Copy exactly the lines from the start of the data below through the one that carries "Lodge, Cabin Nature", and only those.

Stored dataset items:
-------------------------
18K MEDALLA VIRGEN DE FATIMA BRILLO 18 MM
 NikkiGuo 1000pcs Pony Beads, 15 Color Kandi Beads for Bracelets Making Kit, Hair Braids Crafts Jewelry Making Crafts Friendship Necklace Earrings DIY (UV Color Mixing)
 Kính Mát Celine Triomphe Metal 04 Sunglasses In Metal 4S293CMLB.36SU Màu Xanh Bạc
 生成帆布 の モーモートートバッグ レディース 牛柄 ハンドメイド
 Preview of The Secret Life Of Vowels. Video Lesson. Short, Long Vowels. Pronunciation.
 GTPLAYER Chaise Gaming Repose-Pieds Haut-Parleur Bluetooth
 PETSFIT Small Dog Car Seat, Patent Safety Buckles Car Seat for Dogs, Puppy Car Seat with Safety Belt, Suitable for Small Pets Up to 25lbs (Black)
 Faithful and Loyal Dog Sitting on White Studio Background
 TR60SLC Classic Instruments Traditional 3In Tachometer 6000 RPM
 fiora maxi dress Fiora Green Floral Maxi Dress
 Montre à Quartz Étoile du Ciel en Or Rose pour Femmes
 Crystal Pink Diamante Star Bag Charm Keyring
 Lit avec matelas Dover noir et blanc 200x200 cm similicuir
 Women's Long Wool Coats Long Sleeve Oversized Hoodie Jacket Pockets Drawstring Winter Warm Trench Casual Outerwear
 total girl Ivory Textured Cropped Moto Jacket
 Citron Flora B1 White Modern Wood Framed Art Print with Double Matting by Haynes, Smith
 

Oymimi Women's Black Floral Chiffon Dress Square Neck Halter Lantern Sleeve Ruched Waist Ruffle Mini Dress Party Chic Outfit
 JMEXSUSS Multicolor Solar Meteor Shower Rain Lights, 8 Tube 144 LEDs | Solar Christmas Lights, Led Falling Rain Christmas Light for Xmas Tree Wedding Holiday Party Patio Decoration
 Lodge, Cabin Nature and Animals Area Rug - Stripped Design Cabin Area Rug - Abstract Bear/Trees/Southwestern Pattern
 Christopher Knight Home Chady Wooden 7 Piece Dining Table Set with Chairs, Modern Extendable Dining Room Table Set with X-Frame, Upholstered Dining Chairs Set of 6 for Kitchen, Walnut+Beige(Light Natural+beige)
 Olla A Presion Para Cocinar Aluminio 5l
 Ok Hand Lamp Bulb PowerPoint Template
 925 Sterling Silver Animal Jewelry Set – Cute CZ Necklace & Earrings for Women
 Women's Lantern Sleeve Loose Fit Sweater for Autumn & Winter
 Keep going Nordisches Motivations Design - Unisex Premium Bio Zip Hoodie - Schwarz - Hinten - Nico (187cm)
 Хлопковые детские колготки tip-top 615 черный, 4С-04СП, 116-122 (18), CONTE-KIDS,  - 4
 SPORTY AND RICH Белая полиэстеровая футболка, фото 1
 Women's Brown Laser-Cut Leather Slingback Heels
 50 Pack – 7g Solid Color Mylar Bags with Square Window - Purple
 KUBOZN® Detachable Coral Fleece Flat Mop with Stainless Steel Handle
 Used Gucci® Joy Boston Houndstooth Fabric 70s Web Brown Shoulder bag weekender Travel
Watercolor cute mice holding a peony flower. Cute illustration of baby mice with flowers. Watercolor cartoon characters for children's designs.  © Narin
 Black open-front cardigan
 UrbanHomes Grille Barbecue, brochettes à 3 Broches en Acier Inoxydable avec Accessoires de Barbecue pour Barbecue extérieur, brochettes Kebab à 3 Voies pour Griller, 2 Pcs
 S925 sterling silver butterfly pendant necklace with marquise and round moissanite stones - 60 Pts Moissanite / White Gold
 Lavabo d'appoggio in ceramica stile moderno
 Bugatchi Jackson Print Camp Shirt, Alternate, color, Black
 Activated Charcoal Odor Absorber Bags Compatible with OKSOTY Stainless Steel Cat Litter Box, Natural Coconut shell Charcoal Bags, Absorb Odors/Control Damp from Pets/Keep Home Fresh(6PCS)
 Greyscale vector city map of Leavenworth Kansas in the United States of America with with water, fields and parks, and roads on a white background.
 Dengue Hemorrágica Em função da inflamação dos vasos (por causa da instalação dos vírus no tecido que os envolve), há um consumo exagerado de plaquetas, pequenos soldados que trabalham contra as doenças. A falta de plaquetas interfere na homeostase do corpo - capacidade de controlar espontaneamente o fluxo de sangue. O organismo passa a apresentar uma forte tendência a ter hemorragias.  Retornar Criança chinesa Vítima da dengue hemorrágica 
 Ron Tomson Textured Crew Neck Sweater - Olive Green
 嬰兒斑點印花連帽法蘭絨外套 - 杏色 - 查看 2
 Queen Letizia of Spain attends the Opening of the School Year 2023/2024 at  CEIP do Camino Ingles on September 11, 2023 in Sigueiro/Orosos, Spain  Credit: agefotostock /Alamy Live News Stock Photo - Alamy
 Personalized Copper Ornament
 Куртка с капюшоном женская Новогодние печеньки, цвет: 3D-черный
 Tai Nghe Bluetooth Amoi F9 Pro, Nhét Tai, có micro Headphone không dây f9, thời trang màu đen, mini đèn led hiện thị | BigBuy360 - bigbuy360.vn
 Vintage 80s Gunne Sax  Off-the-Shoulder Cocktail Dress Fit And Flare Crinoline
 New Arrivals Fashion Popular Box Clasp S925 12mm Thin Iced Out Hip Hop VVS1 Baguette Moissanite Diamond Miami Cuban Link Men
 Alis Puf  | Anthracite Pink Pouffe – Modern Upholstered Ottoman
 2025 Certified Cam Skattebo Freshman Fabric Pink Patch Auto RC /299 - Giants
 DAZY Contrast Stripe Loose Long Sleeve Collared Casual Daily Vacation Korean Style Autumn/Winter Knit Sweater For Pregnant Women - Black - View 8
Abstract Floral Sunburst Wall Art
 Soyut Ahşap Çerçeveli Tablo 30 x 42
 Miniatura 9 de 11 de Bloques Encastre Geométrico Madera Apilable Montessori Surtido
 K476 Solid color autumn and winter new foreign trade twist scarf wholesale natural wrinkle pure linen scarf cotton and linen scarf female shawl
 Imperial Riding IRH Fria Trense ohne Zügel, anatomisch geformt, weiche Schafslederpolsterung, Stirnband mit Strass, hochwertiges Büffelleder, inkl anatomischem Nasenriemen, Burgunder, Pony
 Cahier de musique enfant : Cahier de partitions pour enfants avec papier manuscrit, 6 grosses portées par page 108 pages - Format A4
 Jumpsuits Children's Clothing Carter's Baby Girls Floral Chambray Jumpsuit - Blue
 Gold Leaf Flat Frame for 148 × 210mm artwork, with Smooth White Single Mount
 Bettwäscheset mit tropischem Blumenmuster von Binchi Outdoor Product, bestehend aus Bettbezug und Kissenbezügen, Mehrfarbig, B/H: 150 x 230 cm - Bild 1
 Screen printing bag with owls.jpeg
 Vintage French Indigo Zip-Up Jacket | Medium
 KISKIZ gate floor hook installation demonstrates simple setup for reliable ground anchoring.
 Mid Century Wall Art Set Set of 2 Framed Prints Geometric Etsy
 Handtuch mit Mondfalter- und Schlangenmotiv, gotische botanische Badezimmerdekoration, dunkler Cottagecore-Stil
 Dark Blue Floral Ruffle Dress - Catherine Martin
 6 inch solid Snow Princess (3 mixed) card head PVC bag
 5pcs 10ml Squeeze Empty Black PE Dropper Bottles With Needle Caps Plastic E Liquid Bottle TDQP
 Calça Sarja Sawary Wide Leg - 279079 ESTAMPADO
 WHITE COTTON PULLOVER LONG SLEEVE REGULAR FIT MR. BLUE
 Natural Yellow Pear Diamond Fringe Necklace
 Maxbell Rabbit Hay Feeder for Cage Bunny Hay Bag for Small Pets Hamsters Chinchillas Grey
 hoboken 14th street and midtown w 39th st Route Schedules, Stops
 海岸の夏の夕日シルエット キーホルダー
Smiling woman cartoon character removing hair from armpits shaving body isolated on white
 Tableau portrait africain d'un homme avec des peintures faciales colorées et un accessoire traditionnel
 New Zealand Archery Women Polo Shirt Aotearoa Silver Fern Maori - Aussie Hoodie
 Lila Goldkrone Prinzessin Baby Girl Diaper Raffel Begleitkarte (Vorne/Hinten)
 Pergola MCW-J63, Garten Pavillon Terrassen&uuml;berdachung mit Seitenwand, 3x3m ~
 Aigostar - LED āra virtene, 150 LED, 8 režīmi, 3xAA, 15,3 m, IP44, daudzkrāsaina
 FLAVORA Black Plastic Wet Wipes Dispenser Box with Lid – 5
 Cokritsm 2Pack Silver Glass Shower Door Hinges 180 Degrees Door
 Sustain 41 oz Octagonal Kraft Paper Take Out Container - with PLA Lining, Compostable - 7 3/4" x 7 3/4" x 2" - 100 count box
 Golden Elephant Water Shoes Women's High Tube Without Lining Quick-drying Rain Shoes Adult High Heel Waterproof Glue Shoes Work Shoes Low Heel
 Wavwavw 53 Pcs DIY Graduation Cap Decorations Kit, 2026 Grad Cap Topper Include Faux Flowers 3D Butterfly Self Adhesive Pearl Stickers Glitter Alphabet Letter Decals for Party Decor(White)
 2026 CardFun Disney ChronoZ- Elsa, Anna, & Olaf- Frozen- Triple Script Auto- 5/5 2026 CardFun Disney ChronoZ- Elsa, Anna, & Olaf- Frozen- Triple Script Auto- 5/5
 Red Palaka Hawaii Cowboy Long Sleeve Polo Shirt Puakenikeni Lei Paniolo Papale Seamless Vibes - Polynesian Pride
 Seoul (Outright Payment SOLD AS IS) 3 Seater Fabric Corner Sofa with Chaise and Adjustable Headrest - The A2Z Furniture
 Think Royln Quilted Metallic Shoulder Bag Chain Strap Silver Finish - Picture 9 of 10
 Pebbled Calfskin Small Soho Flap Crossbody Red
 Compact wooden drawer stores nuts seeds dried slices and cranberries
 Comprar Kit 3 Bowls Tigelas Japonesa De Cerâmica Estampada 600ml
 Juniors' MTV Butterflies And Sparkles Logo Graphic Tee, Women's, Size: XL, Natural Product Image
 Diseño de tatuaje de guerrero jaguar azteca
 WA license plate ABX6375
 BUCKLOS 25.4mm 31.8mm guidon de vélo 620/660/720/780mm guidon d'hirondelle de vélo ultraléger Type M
-------------------------
• **Answer to this exercise**
18K MEDALLA VIRGEN DE FATIMA BRILLO 18 MM
 NikkiGuo 1000pcs Pony Beads, 15 Color Kandi Beads for Bracelets Making Kit, Hair Braids Crafts Jewelry Making Crafts Friendship Necklace Earrings DIY (UV Color Mixing)
 Kính Mát Celine Triomphe Metal 04 Sunglasses In Metal 4S293CMLB.36SU Màu Xanh Bạc
 生成帆布 の モーモートートバッグ レディース 牛柄 ハンドメイド
 Preview of The Secret Life Of Vowels. Video Lesson. Short, Long Vowels. Pronunciation.
 GTPLAYER Chaise Gaming Repose-Pieds Haut-Parleur Bluetooth
 PETSFIT Small Dog Car Seat, Patent Safety Buckles Car Seat for Dogs, Puppy Car Seat with Safety Belt, Suitable for Small Pets Up to 25lbs (Black)
 Faithful and Loyal Dog Sitting on White Studio Background
 TR60SLC Classic Instruments Traditional 3In Tachometer 6000 RPM
 fiora maxi dress Fiora Green Floral Maxi Dress
 Montre à Quartz Étoile du Ciel en Or Rose pour Femmes
 Crystal Pink Diamante Star Bag Charm Keyring
 Lit avec matelas Dover noir et blanc 200x200 cm similicuir
 Women's Long Wool Coats Long Sleeve Oversized Hoodie Jacket Pockets Drawstring Winter Warm Trench Casual Outerwear
 total girl Ivory Textured Cropped Moto Jacket
 Citron Flora B1 White Modern Wood Framed Art Print with Double Matting by Haynes, Smith
 

Oymimi Women's Black Floral Chiffon Dress Square Neck Halter Lantern Sleeve Ruched Waist Ruffle Mini Dress Party Chic Outfit
 JMEXSUSS Multicolor Solar Meteor Shower Rain Lights, 8 Tube 144 LEDs | Solar Christmas Lights, Led Falling Rain Christmas Light for Xmas Tree Wedding Holiday Party Patio Decoration
 Lodge, Cabin Nature and Animals Area Rug - Stripped Design Cabin Area Rug - Abstract Bear/Trees/Southwestern Pattern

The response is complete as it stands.